Il y a quelques années de cela dans un petit shala du Pays Basque en bord d’Océan Atlantique, un ashtangui australien très connu donnait un stage à un petit groupe de pratiquants réunis pour l’occasion. J’ai pris le peu d’économies qui me restaient alors pour traverser la France avec ma toile de tente sur le dos et y participer. Quand on a envie d’apprendre, peu d’obstacles résistent longtempssur le chemin, nuit blanche dans le train et mal de dos de campeur inclus. On est prêts à beaucoup de sacrifices et ça tombait bien car, prête, je l’étais depuis toujours.
Le stage démarra à l’aube, classes Mysore le matin et ateliers l’après-midi. Classique. Je n’étais pas très solide dans ma pratique, cela faisait un an 1/2 que j’avais décidé de me dédier uniquement à l’ashtanga yoga 4/5 fois par semaine. Je démarrais quelque chose, j’essayais de me donner une chance, sans garantie de quoi que ce soit. La vie quoi.
Cet enseignant a la particularité d’accompagner les temps de relaxation à la guitare et au chant d’une manière très douce. En général en ashtanga, c’est un temps de silence simple. Allongée sur mon tapis, ma première réaction à l’époque, complètement automatique, fut celle-ci : « punaise c’est mou ». Du plus bel effet n’est-ce pas ! Voilà ce que mon état interne du moment générait comme pensée. Il me fallait du plus vite, du plus fort…bref je manquais cruellement de détente et de douceur. Envers moi-même et probablement envers les autres. Je ne pouvais pas juste…être là, et être bien. Et surtout…cet état latent de tension qui m’était devenu si familier qu’il me semblait parfaitement normal ! Je faisais simplement partie de ces millions de fous qui s’ignorent et courent partout pour n’aller nulle part…

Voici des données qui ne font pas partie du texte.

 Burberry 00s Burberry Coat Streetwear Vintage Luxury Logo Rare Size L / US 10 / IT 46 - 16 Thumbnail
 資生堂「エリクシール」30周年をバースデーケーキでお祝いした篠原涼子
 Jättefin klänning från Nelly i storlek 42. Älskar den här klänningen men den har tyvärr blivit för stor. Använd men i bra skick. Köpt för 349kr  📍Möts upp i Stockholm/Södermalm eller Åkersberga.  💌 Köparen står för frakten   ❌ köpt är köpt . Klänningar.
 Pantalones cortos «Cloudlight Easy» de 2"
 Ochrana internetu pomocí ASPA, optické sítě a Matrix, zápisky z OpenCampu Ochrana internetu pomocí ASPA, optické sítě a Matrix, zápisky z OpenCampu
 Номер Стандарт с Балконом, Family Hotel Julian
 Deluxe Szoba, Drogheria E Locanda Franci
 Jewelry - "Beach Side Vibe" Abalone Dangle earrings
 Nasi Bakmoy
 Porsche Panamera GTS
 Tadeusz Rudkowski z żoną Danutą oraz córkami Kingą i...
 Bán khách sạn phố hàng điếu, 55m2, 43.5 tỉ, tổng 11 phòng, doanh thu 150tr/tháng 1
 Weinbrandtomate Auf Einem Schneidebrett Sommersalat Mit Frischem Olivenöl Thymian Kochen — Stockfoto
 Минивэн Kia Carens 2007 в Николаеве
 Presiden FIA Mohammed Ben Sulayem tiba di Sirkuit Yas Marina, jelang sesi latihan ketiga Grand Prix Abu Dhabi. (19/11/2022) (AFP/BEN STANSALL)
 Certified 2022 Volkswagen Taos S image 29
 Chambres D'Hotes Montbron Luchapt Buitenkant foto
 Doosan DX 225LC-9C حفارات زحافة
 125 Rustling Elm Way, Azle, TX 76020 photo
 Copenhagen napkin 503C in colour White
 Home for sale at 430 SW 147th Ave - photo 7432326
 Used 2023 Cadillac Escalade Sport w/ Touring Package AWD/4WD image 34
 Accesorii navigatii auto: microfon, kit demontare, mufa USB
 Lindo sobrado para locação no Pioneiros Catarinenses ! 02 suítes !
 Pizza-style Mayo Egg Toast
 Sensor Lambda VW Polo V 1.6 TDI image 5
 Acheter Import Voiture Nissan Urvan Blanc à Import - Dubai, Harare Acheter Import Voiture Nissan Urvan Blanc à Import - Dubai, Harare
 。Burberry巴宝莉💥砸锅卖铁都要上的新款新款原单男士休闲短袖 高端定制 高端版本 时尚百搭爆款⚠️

Le stage se poursuit et à l’issue d’une après-midi, alors que je marche vers la sortie de la salle, je me retrouve face à face avec cet enseignant et nous faisons brièvement connaissance. Son regard bleu est si fixe et intense et sa voix si calme…qu’une réaction fugitive me traverse : « il est si calme que ça m’énerve ! ». J’ai le sentiment que l’océan me regarde et me renvoie en miroir ma nervosité. C’est si fort que j’abrège l’échange alors qu’il avait la curiosité de s’intéresser à mon petit parcours d’ashtangui de manière sincère et aimable. Je rentre « m’enfermer » dans ma toile de tente – si je puis dire – pour laisser décanter cette situation. Comment est-ce possible de trouver le calme et la gentillesse insupportables à ce point-là ?!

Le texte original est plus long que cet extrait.